Unpleasantly By The River
It is not the only thing I wonder about on a Spring-like day in New York but I wonder if there are dead bodies under any of these miles of unmelted snow banks around the city? I wonder if under the dogshit dotted, urine spotted, fast food bag and bottle littered black carbon tinted snow banks could be somebody long ceasing to exist waiting to be discovered?

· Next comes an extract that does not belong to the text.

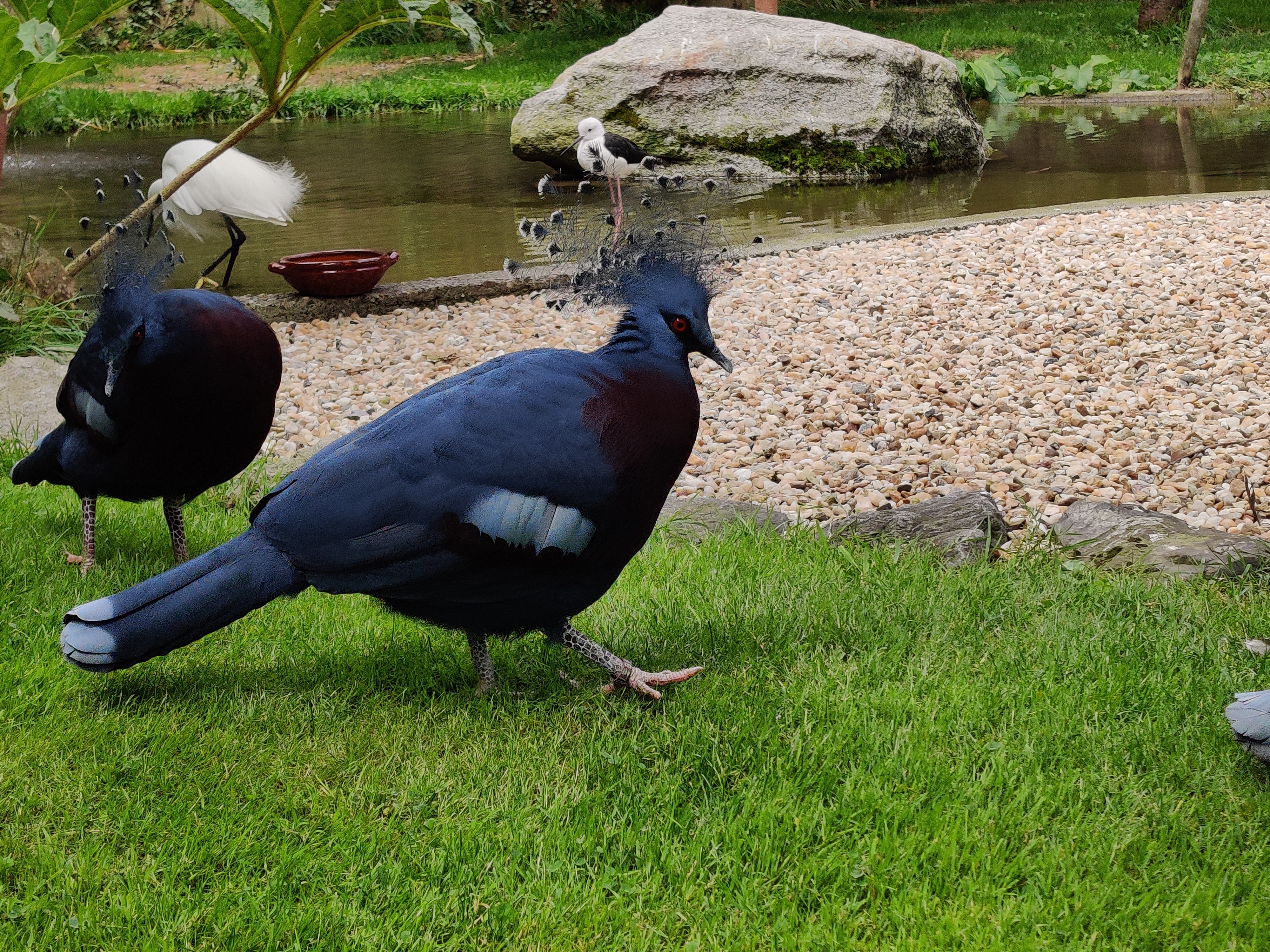 Photo n° 13 de l'avis de Emilie.a fait le 06/08/2023 à 13:12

But no not the only thing I was thinking today while walking with light jacket unzipped and sun in my face after chewing and not sharing a bit of two to go pizza slices by the river surrounded by hungry, begging, rather aggressive rats. No, they were squirrels. Would it be inappropriate for me, and this is the thing I was thinking, would it be inappropriate for me to not think squirrels are cute or to think actually with tails high in the air backlit by the late winter low lying sun, showing the spine of that bushy tail to be in fact even more repellant than the slender tapering hairy worm of a rat's tail that they and by they let me remind you it is squirrels I talk about, who scurrying around me, three and four at a time, close and closer until I kick at them, showing their raw flesh where patches of fur or hair have fallen out and I feel wrong about it even wondering if maybe they are doing me a favor by preparing me for that post apocalyptic future where down in the vacant subway tunnels I must contend with actual rats crawling over me while I sleep meaning me no harm really just keeping tabs on me in case I might be if not yet then soon dead and eatable, but as I started to say is it inappropriate for me to think them not cute and equate them to rats, unfairly (unfair to the rats that is who hardly ever gang up on a person in public eating pizza), and wish them ill.
Unpleasant thinking indeed. I did not invite those squirrels to lunch. It was not my idea.